### Problem description
Could you reproduce, from the records below, everything from the line with "Close up of" down to the line with "Ruff Ready 4", keeping both of those lines and changing nothing?

### Dataset records
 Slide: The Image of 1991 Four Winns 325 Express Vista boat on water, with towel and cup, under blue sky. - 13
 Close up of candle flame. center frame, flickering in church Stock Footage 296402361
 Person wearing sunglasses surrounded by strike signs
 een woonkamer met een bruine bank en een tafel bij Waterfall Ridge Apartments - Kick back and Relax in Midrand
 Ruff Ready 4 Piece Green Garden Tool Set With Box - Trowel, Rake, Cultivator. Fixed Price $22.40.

--

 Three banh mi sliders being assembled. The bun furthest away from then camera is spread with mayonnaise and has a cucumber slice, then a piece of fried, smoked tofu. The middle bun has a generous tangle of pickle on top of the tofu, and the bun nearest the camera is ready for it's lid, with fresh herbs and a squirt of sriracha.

### Reply
 Close up of candle flame. center frame, flickering in church Stock Footage 296402361
 Person wearing sunglasses surrounded by strike signs
 een woonkamer met een bruine bank en een tafel bij Waterfall Ridge Apartments - Kick back and Relax in Midrand
 Ruff Ready 4 Piece Green Garden Tool Set With Box - Trowel, Rake, Cultivator. Fixed Price $22.40.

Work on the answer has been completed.